For  $x \in A_i$  must hold:   $P_X(x)/Q_X(x) = P_X(A_i)/ Q_X(A_i)$


Solution

(1)  For the Kullback-Leibler distance of the non-partitioned quantities  $X$  and  $Y$  holds:

$$D(P_X \hspace{0.05cm} || \hspace{0.05cm}P_Y) = {\rm E} \left [ {\rm log}_2 \hspace{0.1cm} \frac{P_X(X)}{P_Y(X)}\right ] \hspace{0.2cm}=\hspace{0.2cm} \sum_{x \hspace{0.05cm}\in \hspace{0.05cm}X} P_X(x) \cdot {\rm log}_2 \hspace{0.1cm} \frac{P_X(x)}{P_Y(x)}$$
$$\Rightarrow D(P_X \hspace{0.05cm} || \hspace{0.05cm}P_Y) = \hspace{-0.15cm} \frac{1}{2}\cdot {\rm log}_2 \hspace{0.1cm} \frac{1/2}{3/4} + 2 \cdot \frac{1}{4}\cdot {\rm log}_2 \hspace{0.1cm} \frac{1/4}{1/8} = \frac{1}{2}\cdot {\rm log}_2 \hspace{0.1cm} \frac{2}{3} + \frac{1}{2}\cdot {\rm log}_2 \hspace{0.1cm} (2) = 1- \frac{1}{2}\cdot {\rm log}_2 \hspace{0.1cm} (3) \hspace{0.15cm} \underline {=0.2075\,{\rm (bit)}} \hspace{0.05cm}.$$


(2)  With  $\text{partition }A$   ⇒   $A_1 = \{0\}$ ,  $A_2 = \{ 1 , 2 \}$  we get  $P_X^{ (A) } (X) = \{1/4 , \ 3/4\}$  and  $Q_X^{ (A) } (X) = \{1/8 , \ 7/8\}$.  From this follows:

$$D(P_X^{\hspace{0.15cm}(A)} \hspace{0.05cm}|| \hspace{0.05cm} Q_X^{\hspace{0.15cm}(A)}) = \frac{1}{4}\cdot {\rm log}_2 \hspace{0.1cm} \frac{1/4}{1/8} + \frac{3}{4}\cdot {\rm log}_2 \hspace{0.1cm} \frac{3/4}{7/8} =\frac{1}{4}\cdot {\rm log}_2 \hspace{0.1cm} (2) + \frac{3}{4}\cdot {\rm log}_2 \hspace{0.1cm} \frac{6}{7} \hspace{0.15cm} \underline {=0.0832\,{\rm (bit)}} \hspace{0.05cm}.$$


(3)  With  $\text{partition } B$   ⇒   $B_1 = \{1\}$ ,  $B_2 = \{ 0 ,\ 2 \}$  the probability functions are  $P_X^{ (B) } (X) = \{1/2 , \ 1/2\}$  und  $Q_X^{ (B) } (X) = \{3/4 , \ 1/4\}$. 

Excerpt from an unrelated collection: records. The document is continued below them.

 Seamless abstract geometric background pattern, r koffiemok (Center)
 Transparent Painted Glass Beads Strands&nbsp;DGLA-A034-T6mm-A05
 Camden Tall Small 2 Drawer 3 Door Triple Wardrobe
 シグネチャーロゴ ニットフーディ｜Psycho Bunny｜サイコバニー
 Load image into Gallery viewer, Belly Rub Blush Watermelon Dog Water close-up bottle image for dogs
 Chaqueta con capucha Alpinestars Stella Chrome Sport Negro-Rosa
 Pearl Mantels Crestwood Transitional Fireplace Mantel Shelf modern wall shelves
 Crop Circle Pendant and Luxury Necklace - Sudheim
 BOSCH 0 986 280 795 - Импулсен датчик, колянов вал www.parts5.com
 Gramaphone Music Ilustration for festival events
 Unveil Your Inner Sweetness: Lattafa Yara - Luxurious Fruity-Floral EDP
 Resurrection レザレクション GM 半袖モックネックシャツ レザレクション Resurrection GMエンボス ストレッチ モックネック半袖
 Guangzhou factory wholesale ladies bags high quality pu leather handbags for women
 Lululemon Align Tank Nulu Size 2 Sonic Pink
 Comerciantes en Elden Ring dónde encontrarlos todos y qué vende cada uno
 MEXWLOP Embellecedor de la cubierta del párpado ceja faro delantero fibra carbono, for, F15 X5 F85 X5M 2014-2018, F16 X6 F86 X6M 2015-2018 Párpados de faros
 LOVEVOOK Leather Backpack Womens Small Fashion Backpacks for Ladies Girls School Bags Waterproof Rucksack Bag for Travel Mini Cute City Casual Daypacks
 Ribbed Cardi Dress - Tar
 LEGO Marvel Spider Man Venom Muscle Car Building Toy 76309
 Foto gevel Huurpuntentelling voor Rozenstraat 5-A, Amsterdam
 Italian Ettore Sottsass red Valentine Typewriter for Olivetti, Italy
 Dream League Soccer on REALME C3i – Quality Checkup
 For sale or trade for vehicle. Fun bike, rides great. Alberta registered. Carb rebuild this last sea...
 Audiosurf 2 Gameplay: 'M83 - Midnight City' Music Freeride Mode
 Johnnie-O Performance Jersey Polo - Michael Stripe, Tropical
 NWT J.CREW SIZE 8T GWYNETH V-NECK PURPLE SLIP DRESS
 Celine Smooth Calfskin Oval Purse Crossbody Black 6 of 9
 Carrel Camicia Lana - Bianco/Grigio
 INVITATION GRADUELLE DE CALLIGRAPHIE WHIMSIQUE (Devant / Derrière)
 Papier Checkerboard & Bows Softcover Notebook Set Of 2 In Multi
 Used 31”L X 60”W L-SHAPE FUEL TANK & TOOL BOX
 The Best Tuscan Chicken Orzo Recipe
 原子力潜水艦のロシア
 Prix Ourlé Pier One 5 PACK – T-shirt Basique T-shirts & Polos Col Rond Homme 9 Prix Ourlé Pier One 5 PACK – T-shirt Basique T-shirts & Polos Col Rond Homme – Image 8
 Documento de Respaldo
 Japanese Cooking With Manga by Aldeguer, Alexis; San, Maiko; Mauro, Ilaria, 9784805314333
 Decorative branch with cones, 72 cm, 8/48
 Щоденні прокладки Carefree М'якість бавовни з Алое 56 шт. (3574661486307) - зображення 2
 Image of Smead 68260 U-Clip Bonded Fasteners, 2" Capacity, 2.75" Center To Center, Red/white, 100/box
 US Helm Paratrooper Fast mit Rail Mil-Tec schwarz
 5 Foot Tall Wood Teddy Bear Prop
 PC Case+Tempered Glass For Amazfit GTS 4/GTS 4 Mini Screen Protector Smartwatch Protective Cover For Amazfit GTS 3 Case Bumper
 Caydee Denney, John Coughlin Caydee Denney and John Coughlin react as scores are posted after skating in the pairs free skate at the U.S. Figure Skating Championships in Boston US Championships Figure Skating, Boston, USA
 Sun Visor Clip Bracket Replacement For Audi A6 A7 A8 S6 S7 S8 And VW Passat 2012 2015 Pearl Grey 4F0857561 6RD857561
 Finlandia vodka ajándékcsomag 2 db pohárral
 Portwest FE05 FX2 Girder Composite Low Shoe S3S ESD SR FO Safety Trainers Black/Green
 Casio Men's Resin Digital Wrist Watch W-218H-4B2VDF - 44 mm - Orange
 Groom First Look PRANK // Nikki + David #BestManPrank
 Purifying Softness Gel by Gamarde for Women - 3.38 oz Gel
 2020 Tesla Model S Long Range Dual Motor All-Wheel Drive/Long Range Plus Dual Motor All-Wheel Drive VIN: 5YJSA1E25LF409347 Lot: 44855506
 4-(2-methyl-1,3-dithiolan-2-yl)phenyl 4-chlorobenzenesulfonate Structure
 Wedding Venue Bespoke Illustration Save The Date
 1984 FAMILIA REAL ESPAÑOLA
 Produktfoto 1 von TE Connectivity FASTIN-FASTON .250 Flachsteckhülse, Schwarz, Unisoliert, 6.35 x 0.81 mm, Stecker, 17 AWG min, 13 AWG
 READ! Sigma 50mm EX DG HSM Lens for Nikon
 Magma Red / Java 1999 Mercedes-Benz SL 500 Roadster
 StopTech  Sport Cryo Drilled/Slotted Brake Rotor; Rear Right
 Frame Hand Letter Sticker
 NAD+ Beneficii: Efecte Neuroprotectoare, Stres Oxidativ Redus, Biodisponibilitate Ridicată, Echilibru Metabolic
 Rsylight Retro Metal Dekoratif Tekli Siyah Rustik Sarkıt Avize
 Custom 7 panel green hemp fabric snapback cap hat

  • Analogous to subtask  (2)  one thus obtains:
$$D(P_X^{\hspace{0.15cm}(B)} \hspace{0.05cm}|| \hspace{0.05cm} Q_X^{\hspace{0.15cm}(B)}) = \frac{1}{2}\cdot {\rm log}_2 \hspace{0.1cm} \frac{1/2}{3/4} + \frac{1}{2}\cdot {\rm log}_2 \hspace{0.1cm} \frac{1/2}{1/4} \hspace{0.15cm} \underline {=0.2075\,{\rm (bit)}} \hspace{0.05cm}.$$
  • The result agrees with that of subtask  (1)    ⇒   With  $\text{partition }B$  the equal sign applies.



(4)  With  $\text{partition } C$   ⇒   $C_1 = \{2\}$ , $C_2 = \{ 0 , \ 1\}$  one obtains  $P_X^{ (C) } (X) = \{1/4, \ 3/4\}$ , $Q_X^{ (C) } (X) = \{1/8, \ 7/8\}$,
i.e. the same functions as for the  $\text{partition }A$   ⇒   solution proposal 1.


(5)  The  $\text{partition }B$  has led to the result  $D(P_X^{ (B) } \hspace{0.05cm} || \hspace{0.05cm}Q_X^{ (B) } ) = D(P_X \hspace{0.05cm} || \hspace{0.05cm}Q_X)$.

  • So for this case
$$\frac{P_X(1)}{Q_X(1)} = \frac{1/2}{3/4} = \frac{2}{3}, \ \frac{P_X(B_1)}{Q_X(B_1)} = \frac{1/2}{3/4} = {2}/{3},$$
$$\frac{P_X(0)}{Q_X(0)} = \frac{1/4}{1/8} = 2, \ \frac{P_X(B_2)}{Q_X(B_2)} = \frac{1/2}{1/4} = 2,$$
$$\frac{P_X(2)}{Q_X(2)} = \frac{1/4}{1/8} = 2, \ \frac{P_X(B_2)}{Q_X(B_2)} = \frac{1/2}{1/4} = 2.$$
  • It must therefore hold for all  $x \in X$  :
$$\frac{P_X(x)}{Q_X(x)} = \frac{P_X(B_1)}{Q_X(B_1)}, \text{ if } x \in B_1, \hspace{0.5cm}\frac{P_X(x)}{Q_X(x)} = \frac{P_X(B_2)}{Q_X(B_2)}, \text{ if } x \in B_2.$$
  • By generalization, one can see that  both proposed solutions  are correct.